EXERCISE REQUIREMENTS :: Repeat the data exactly. Pictures are not part of the copy.

[[ DATA PROVIDED open ]]

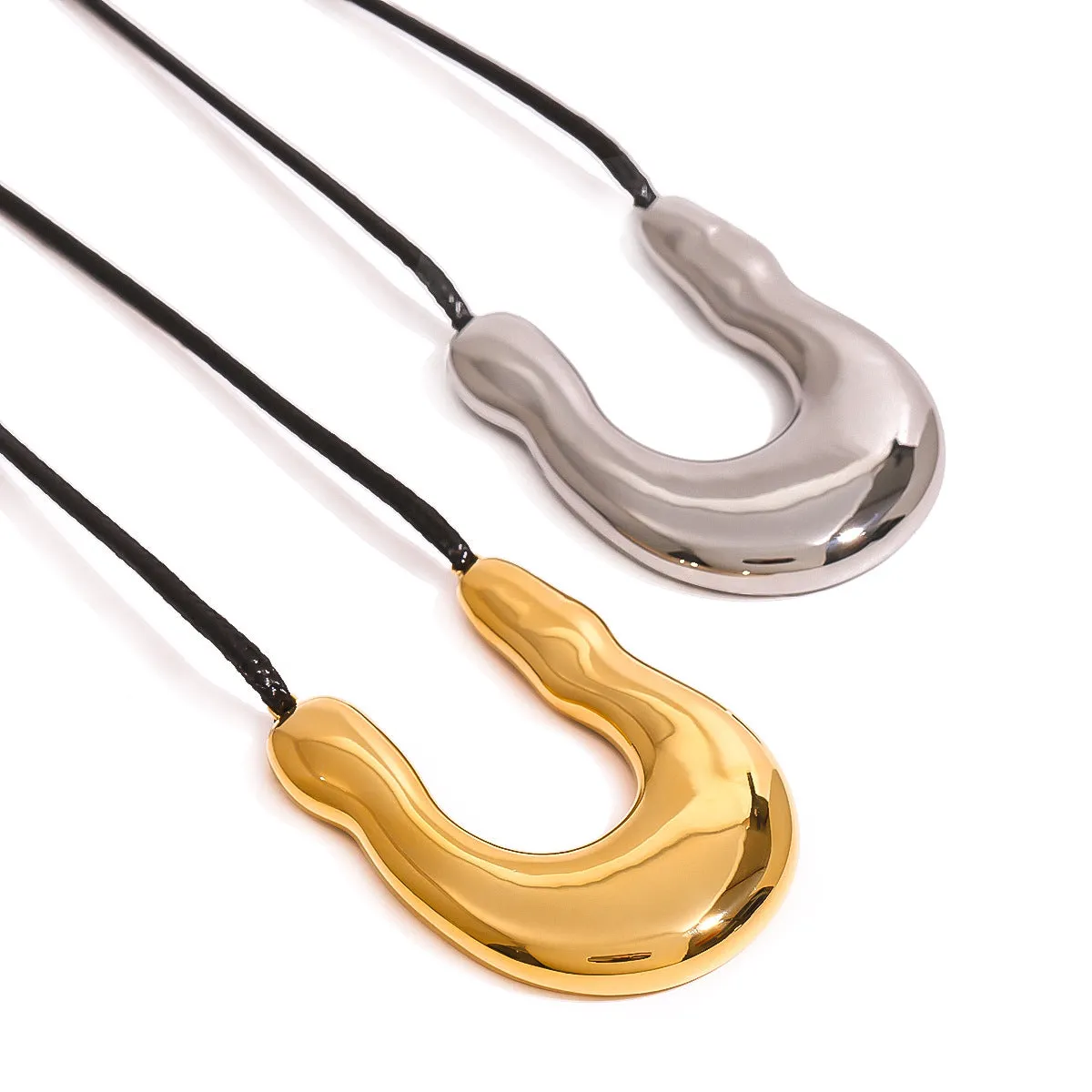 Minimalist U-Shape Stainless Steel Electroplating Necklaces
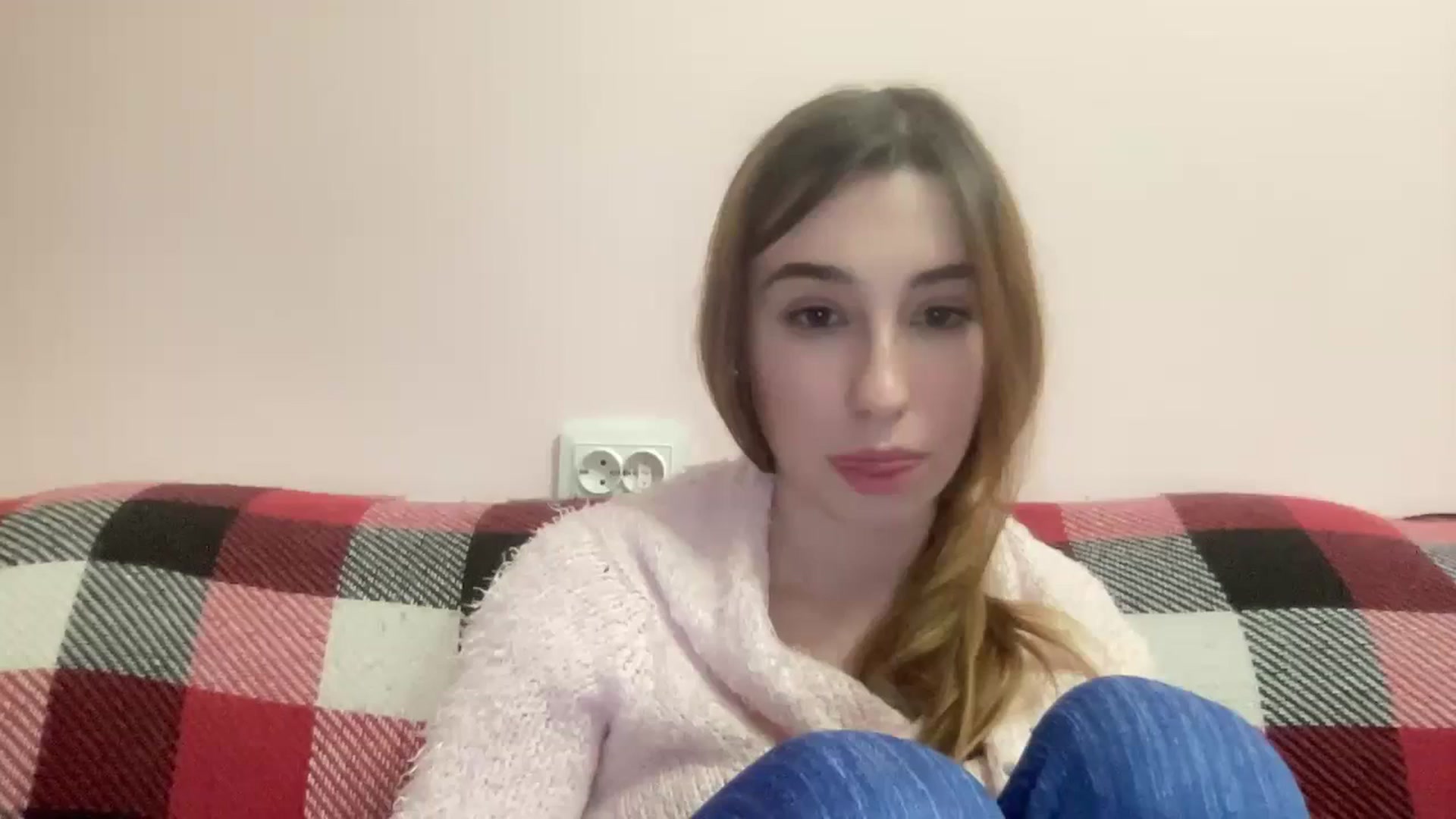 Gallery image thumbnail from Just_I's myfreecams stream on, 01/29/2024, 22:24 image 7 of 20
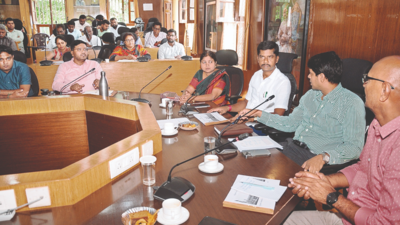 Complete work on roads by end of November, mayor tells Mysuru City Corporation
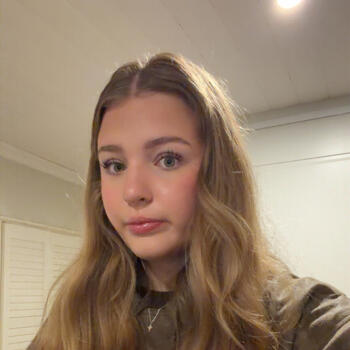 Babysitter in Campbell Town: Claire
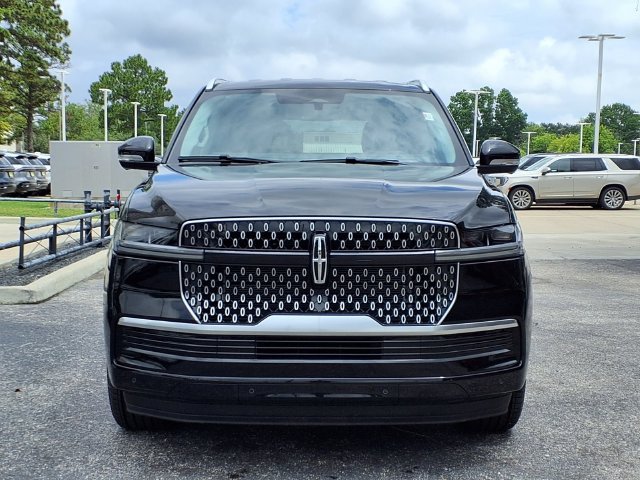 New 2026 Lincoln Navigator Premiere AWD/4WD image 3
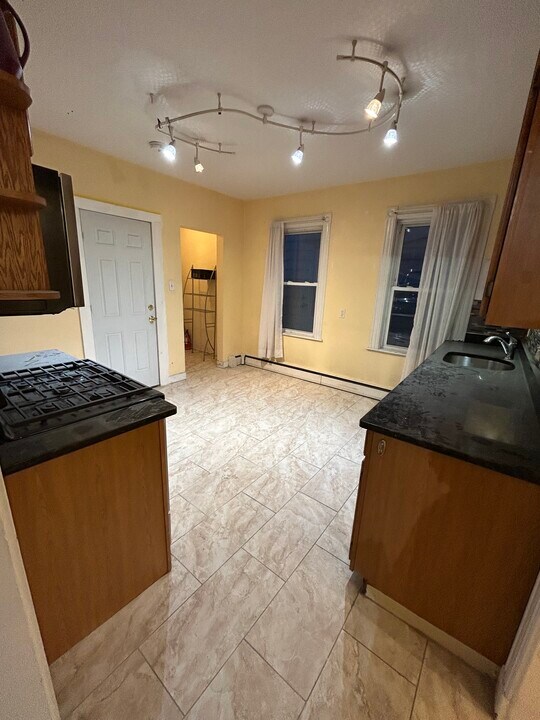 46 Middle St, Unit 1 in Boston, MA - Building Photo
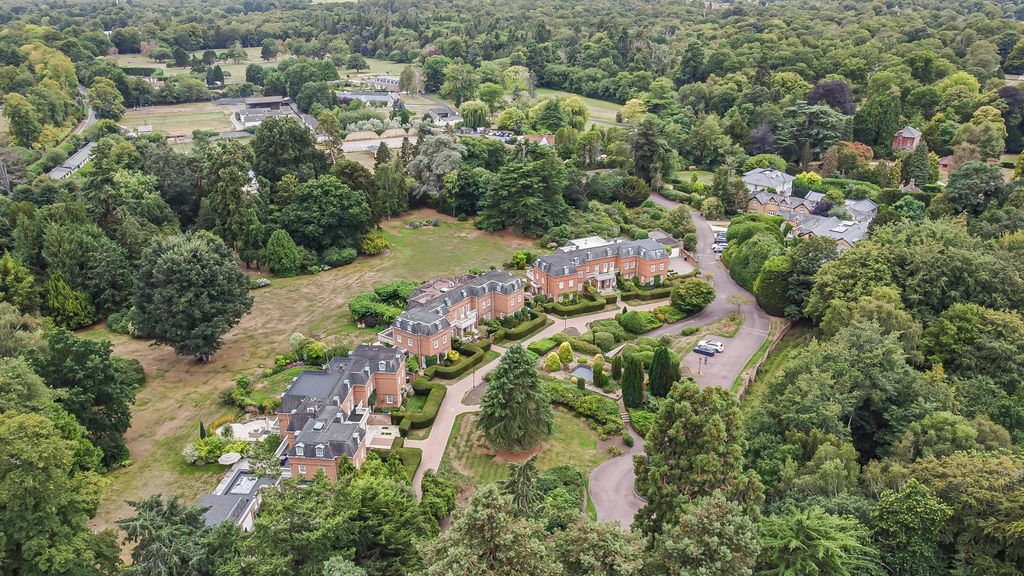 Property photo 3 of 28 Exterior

[[ DATA PROVIDED closed ]]

SOLUTION FOR THIS EXERCISE ::
 Minimalist U-Shape Stainless Steel Electroplating Necklaces
 Gallery image thumbnail from Just_I's myfreecams stream on, 01/29/2024, 22:24 image 7 of 20
 Complete work on roads by end of November, mayor tells Mysuru City Corporation
 Babysitter in Campbell Town: Claire
 New 2026 Lincoln Navigator Premiere AWD/4WD image 3
 46 Middle St, Unit 1 in Boston, MA - Building Photo
 Property photo 3 of 28 Exterior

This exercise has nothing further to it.